In a news release, the groups involved with the suit argued the state law is discriminatory — since most farm workers in North Carolina are Latino and work under temporary visa statuses — and is an unconstitutional violation of the workers’ right to participate in a union.
The lawsuit was filed in the U.S. District Court for the Middle District of North Carolina by a group of civil rights organizations on behalf of FLOC and two farm workers. The groups — which include the American Civil Liberties Union, Southern Poverty Law Center, the North Carolina Justice Center, and the Robert J. Willis law offices — want the court to block implementation of the law through an injunction while the lawsuit proceeds.
The suit lists FLOC as well as Victor Toledo Vences and Valentin Alvarado Hernandez as plaintiffs, with Governor Cooper and Director of the North Carolina Administrative Office of Courts Marion Warren as defendants.
A call to the governor’s office Wednesday was not returned.
Both Mr. Toledo Vences and Mr. Alvarado Hernandez are Mexican nationals on a guest worker visas and are FLOC members.
“Farmworkers provide indispensable labor to North Carolina’s economy. In exchange for their sacrifices and hard work, the legislature has repaid them with suppression of their constitutional rights,” Kristi Graunke, senior SPLC supervising attorney, said in a statement. “They deserve fair compensation, humane working conditions, and the ability to remedy grievances through collective bargaining. This law swings open the door for worker abuse on every farm across the state.”
Opponents to the law say state legislators who pushed the bill are owners of agricultural operations, with the primary sponsor previously subject to a wage theft lawsuit by FLOC-affiliated farm workers.

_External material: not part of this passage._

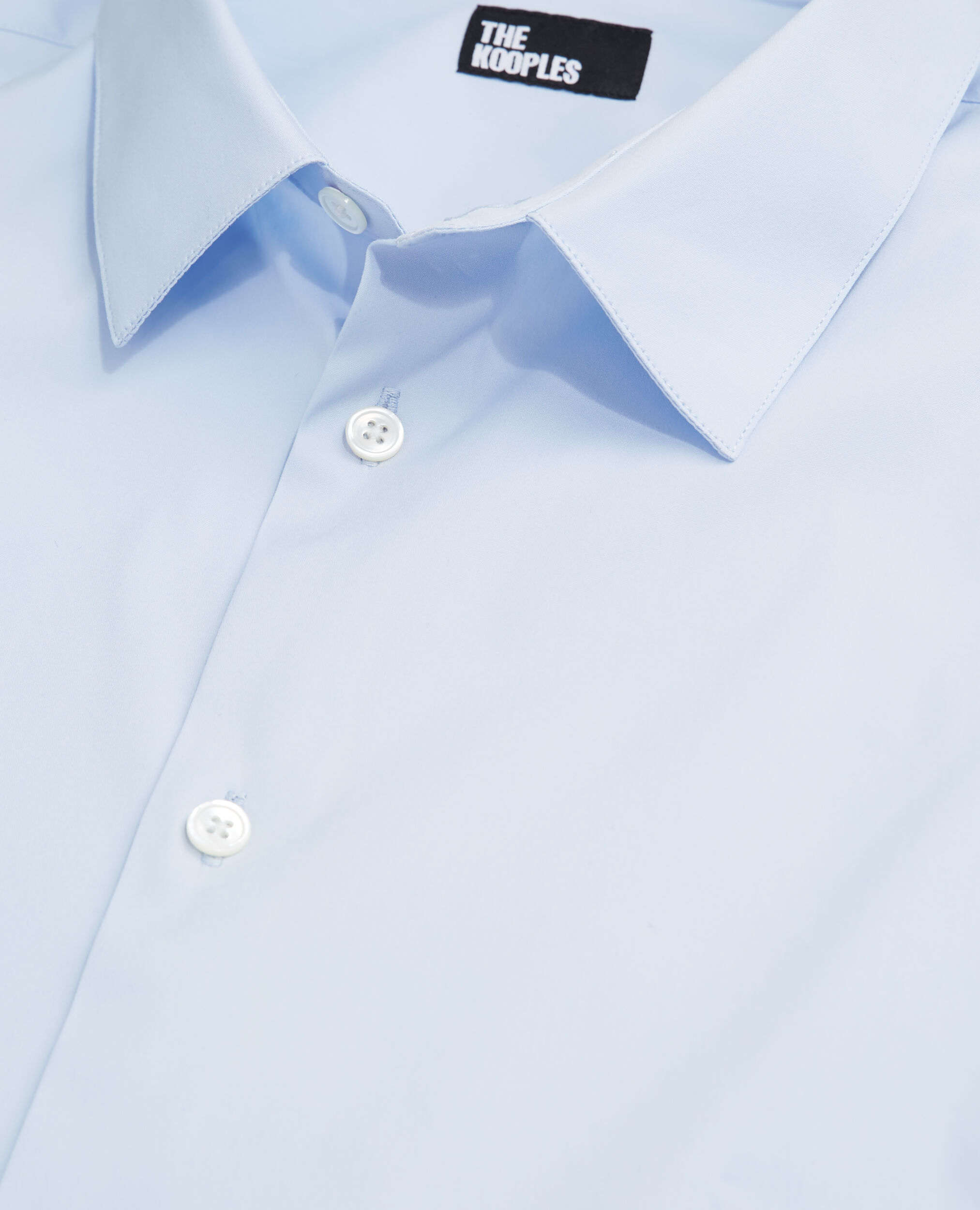Chemise formelle bleue en popeline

FLOC signed a four-year statewide contract in December, 2016. The Farm Act is not retroactive, meaning it only applies to agreements made after Thursday, but union organizers said the bill will spell doom once their current contracts expire, as they would have to travel across the state to collect union dues at about 700 farms.
“With the continuation of Jim Crow-era laws that aim to stop a now almost entirely Latino workforce from organizing, this is an affront to freedom of association and smacks of racism,” FLOC President Baldemar Velasquez said in a statement. “Companies like Reynolds American should be embarrassed that growers in their supply chains are attacking the very farm workers who make their companies’ wealth.”
Union representatives had unsuccessfully petitioned Governor Cooper, a Democrat, to veto the bill.